WHAT YOU WILL DO:
Among the entries below, please repeat exactly and only the lines from the line containing "Decanter of Endless" to the line containing "Vue Kingsbury Rod Pocket Tailored Valance", both lines included.

EXERCISE INPUTS:
┄┄┄┄┄┄┄┄┄┄┄┄┄┄┄┄┄┄┄┄
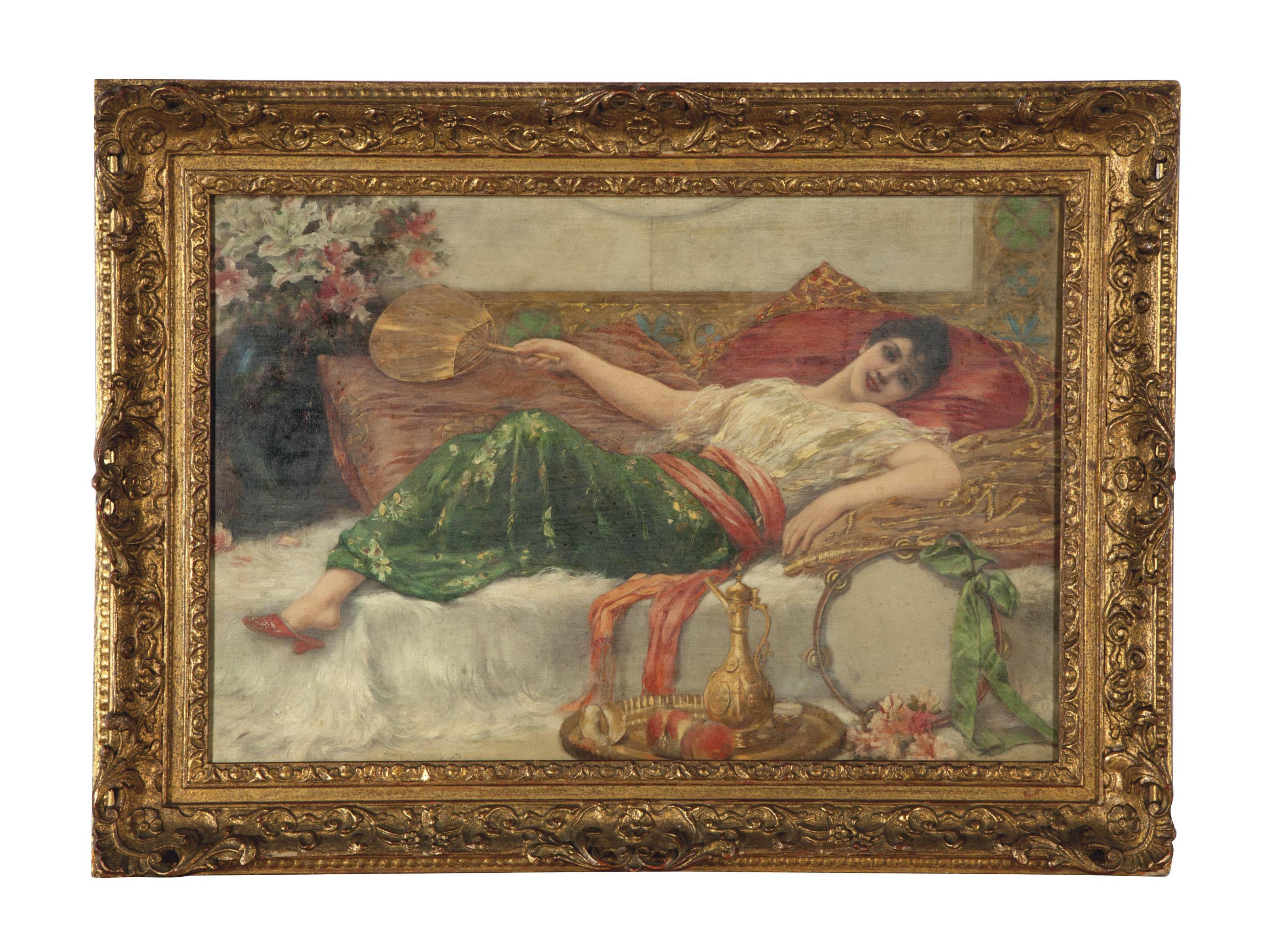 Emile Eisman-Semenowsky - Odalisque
┄┄┄┄┄┄┄┄┄┄┄┄┄┄┄┄┄┄┄┄
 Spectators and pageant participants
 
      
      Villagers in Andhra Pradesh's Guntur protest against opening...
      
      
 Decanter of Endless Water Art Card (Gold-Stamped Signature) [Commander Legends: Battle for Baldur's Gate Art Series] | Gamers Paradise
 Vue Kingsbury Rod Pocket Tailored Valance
┄┄┄┄┄┄┄┄┄┄┄┄┄┄┄┄┄┄┄┄
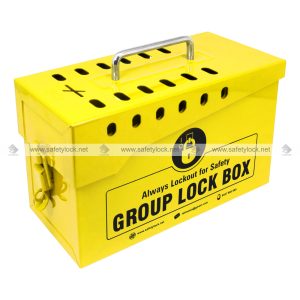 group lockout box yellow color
┄┄┄┄┄┄┄┄┄┄┄┄┄┄┄┄┄┄┄┄
ANSWER:
 Decanter of Endless Water Art Card (Gold-Stamped Signature) [Commander Legends: Battle for Baldur's Gate Art Series] | Gamers Paradise
 Vue Kingsbury Rod Pocket Tailored Valance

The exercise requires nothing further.